Hanno votato per Melillo tutti i laici, ad eccezione di Alessio Zaccaria di M5s (astenuto) i capi di Corte Pasquale Ciccolo e Giovanni Canzio, che ha difeso Melillo: “No alla delegittimazione di servitori delle istituzioni” come è successo a “Giovanni Falcone”. Determinanti i voti di Area, la corrente di sinistra della magistratura che è stata l’ago della bilancia in questa partita durata mesi: 5 hanno votato per Melillo, disattendendo la linea “politica” del gruppo dirigente contrario per motivi di opportunità e 2, Ercole Aprile e Piergiorgio Morosini per Cafiero, così come i 5 consiglieri di Unicost (togati centristi) e due su 3 di Magistratura Indipendente (con l’eccezione di Claudio Galoppi).
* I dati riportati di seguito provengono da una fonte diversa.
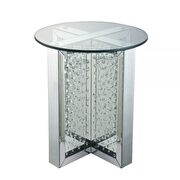 Mirrored & faux crystals end table by Acme additional picture 3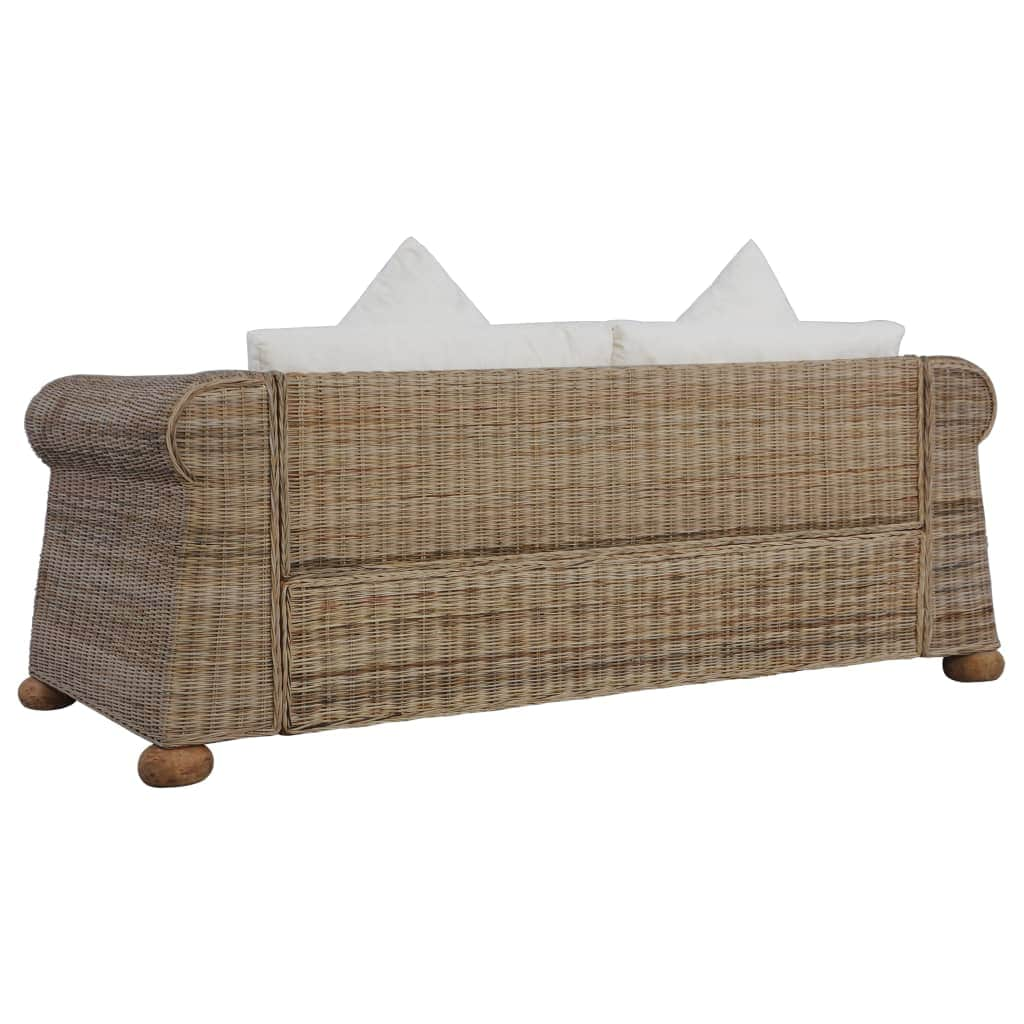 2-Seater Sofa with Cushions Natural Rattan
Convinti che Melillo sia l’uomo giusto al posto giusto i due togati di Area che provengono proprio da Napoli: Antonello Ardituro e Lucio Aschettino (contrari a Melillo ai tempi della corsa per la procura di Milano). “La scelta è stata mossa – ha detto Aschettino – dall’obiettivo di nominare il candidato più idoneo per il funzionamento della procura, una valutazione che va depurata da elementi metagiuridici e suggestivi sia sulla incompatibilità parentale sia sulla inopportunità politica”. Astenuto il togato Aldo Morgigni, di Autonomia e Indipendenza (la corrente di Davigo) perché, come Zaccaria, contrario a entrambi i candidati per le diverse incompatibilità.
Al netto delle valutazioni professionali, ottime per entrambi, la incompatibilità parentale di Cafiero (un figlio penalista a Napoli con il quale non ha rapporti da 20 anni ha fatto sapere il magistrato) ha pesato solo per una parte dei consiglieri pro Melillo. Sui componenti laici, si vociferava dentro il Csm hanno influito considerazioni politiche: a torto o a ragione Melillo è stato ritenuto più rassicurante per il potere, anche se qualche pm della procura di Napoli è convinto, conoscendolo, che con il “caratteraccio” che ha nessuno può dargli “suggerimenti” su cosa fare o non fare. Il vicepresidente Legnini, come da consuetudine, non ha partecipato al voto ma ha respinto “le illazioni su pressioni interne e esterne” tanto che la nomina, ha aggiunto, è stata segnata da un dibattito lungo e “aspro”. Melillo, però, se la legge passata alla Camera a fine marzo fosse stata approvata pure dal Senato, sarebbe stato tagliato fuori dalla corsa alla procura di Napoli per le norme stringenti anche sul rientro in magistratura di determinati fuori ruolo, come il capo di Gabinetto.